• YOUR OBJECTIVE: Would you please transcribe the records below exactly, leaving out the pictures?

• GIVEN RECORDS:
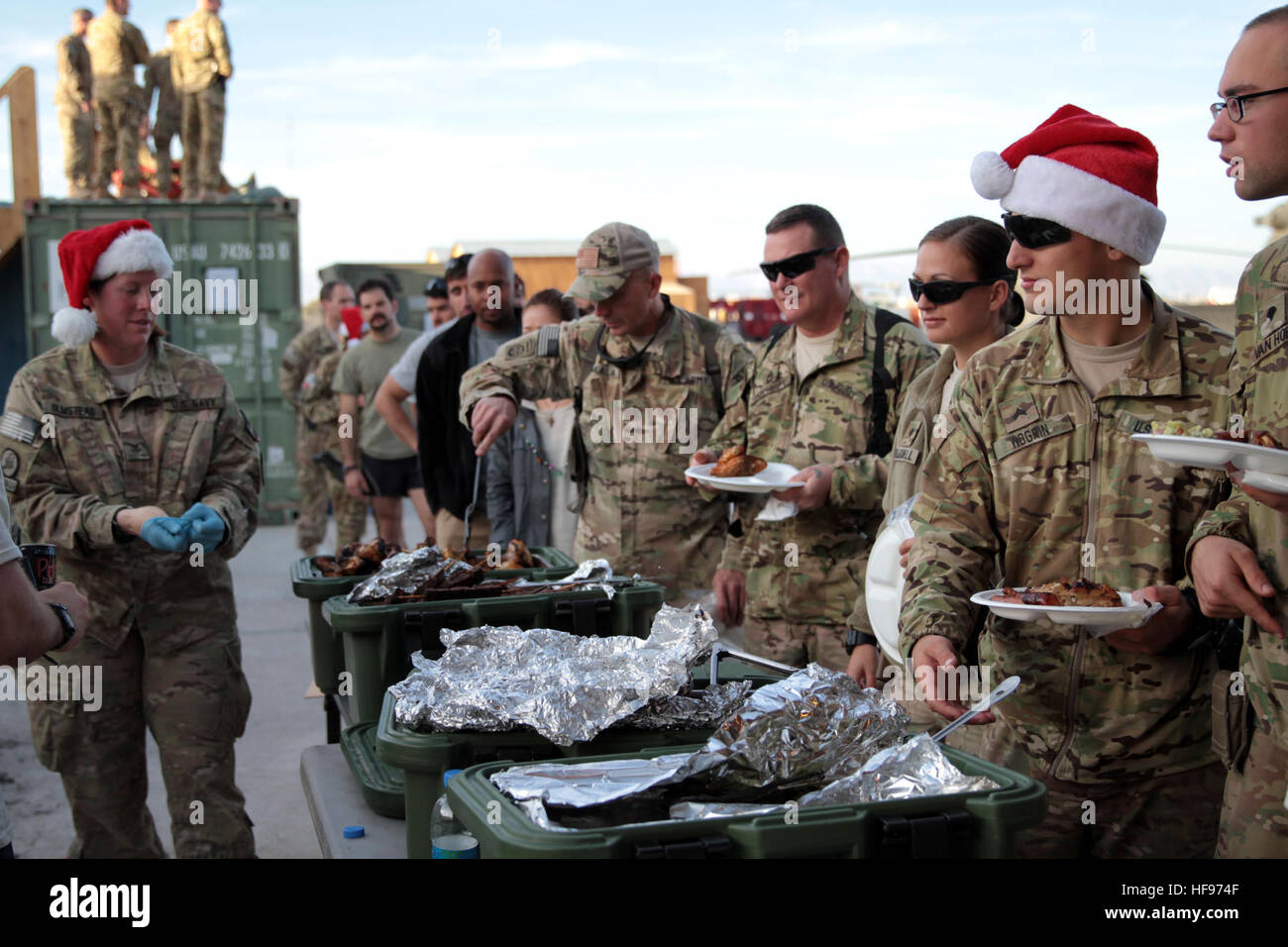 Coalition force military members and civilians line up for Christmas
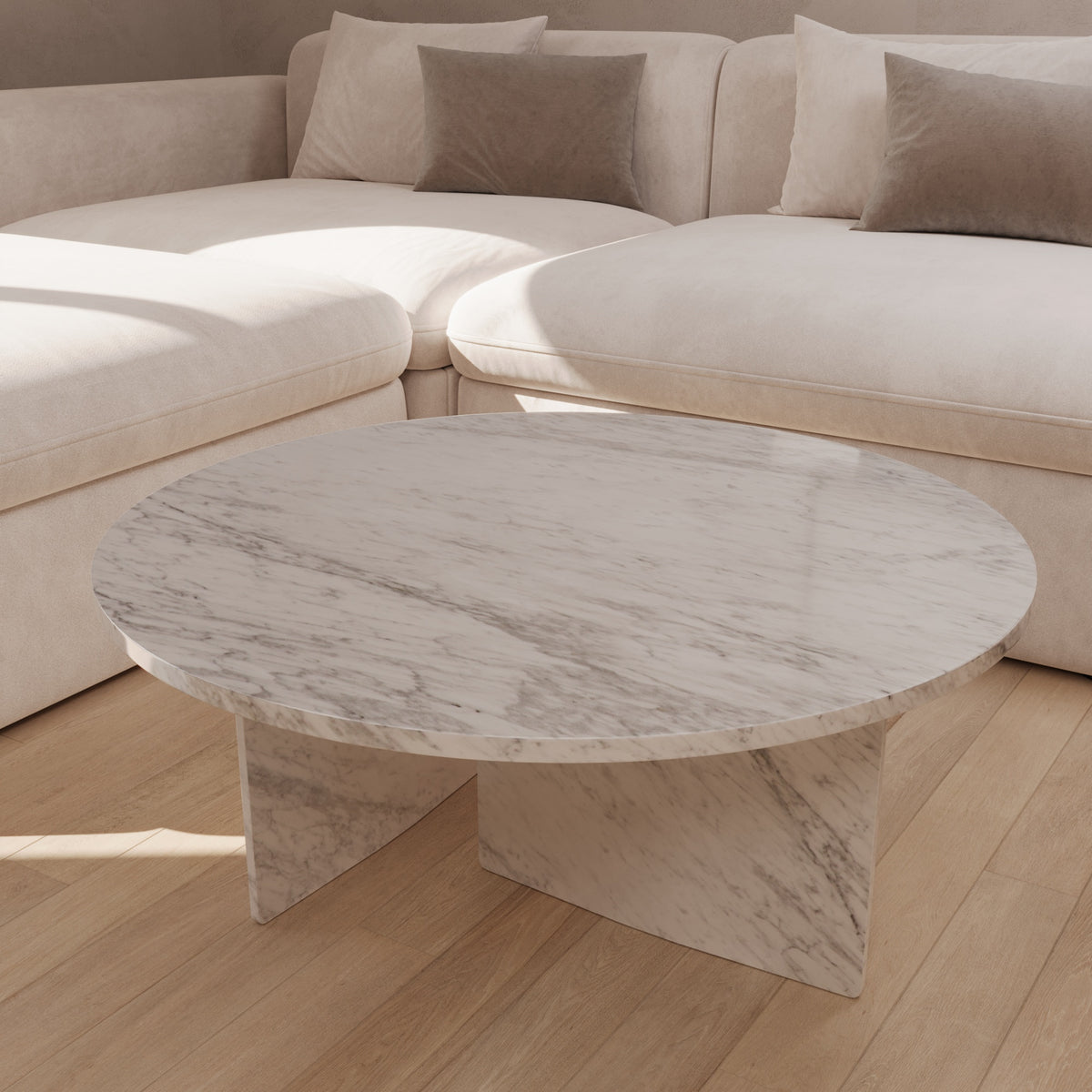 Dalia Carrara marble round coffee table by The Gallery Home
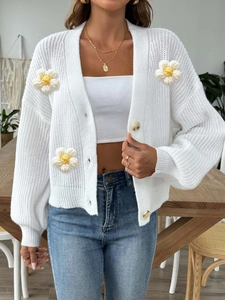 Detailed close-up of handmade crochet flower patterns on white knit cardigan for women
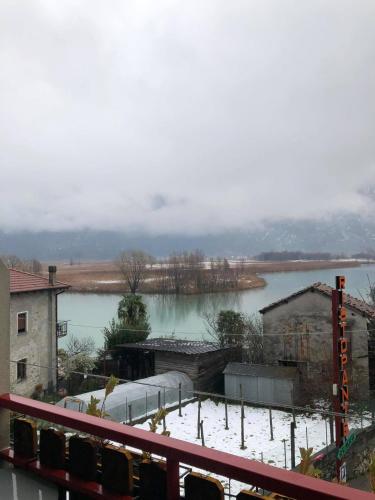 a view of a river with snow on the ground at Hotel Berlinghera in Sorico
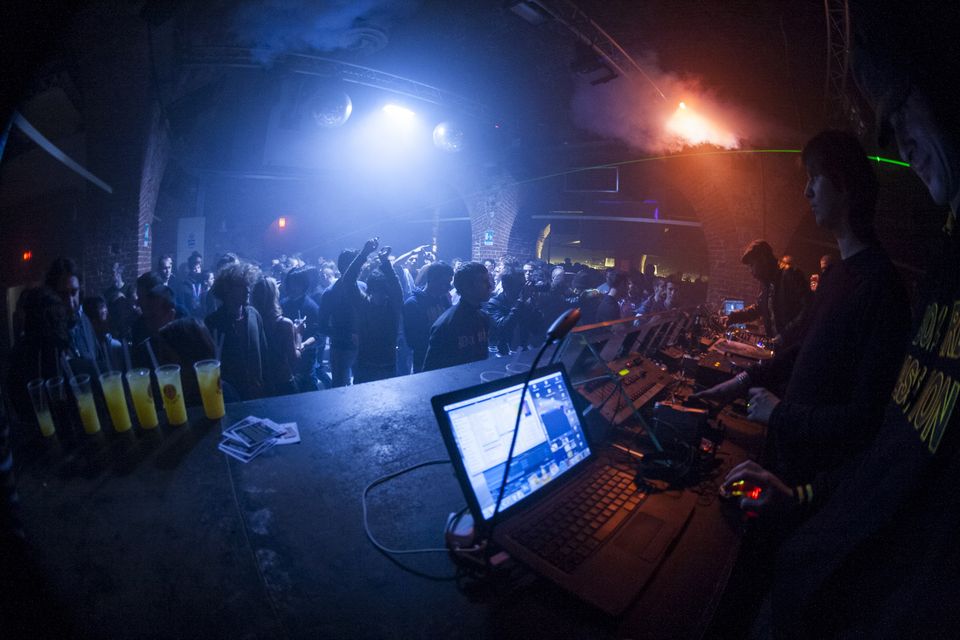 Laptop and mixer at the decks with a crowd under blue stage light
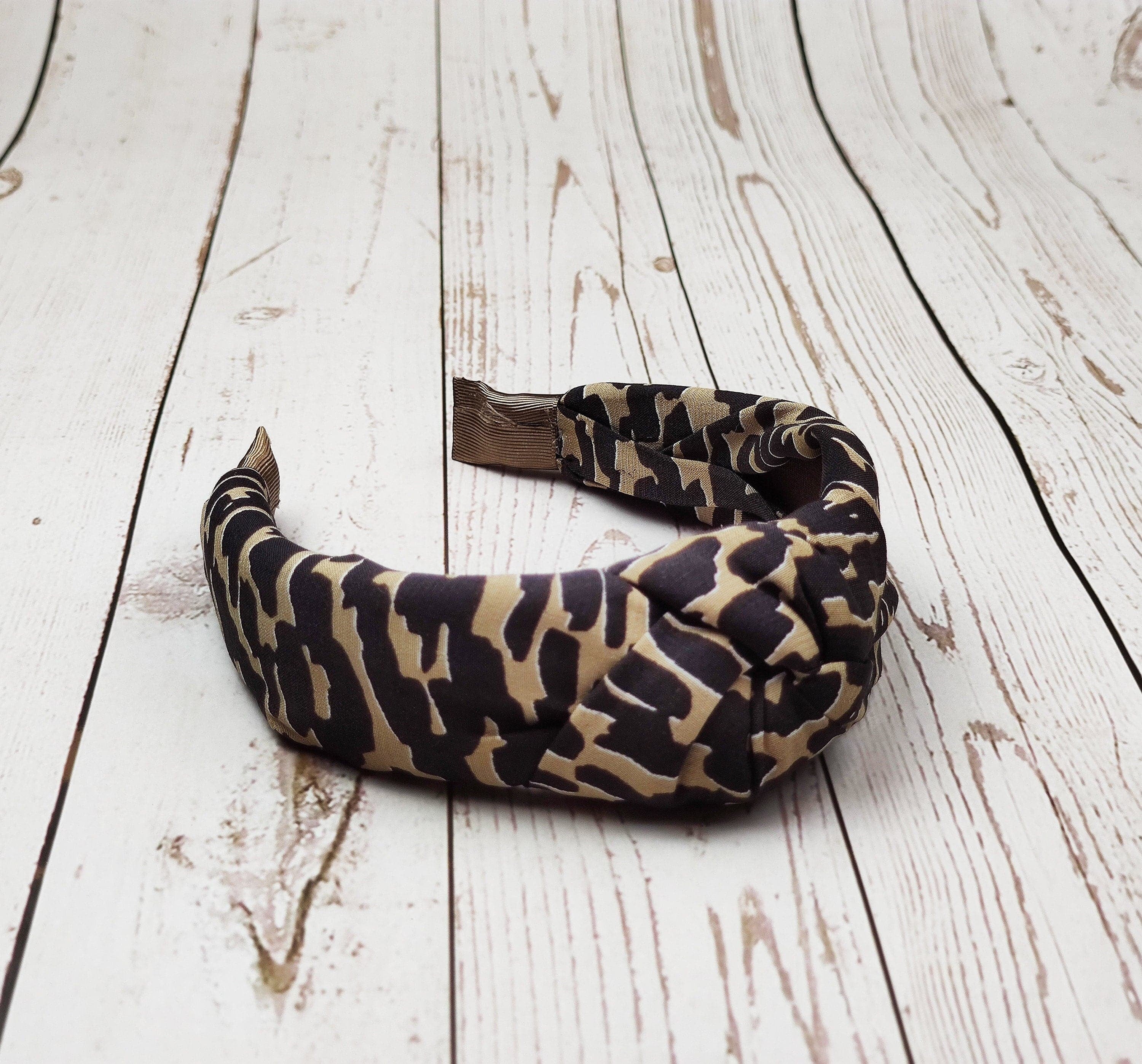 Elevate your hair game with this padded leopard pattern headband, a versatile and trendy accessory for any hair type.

• RESPONSE TO THE EXERCISE:
 Coalition force military members and civilians line up for Christmas
 Dalia Carrara marble round coffee table by The Gallery Home
 Detailed close-up of handmade crochet flower patterns on white knit cardigan for women
 a view of a river with snow on the ground at Hotel Berlinghera in Sorico
 Laptop and mixer at the decks with a crowd under blue stage light
 Elevate your hair game with this padded leopard pattern headband, a versatile and trendy accessory for any hair type.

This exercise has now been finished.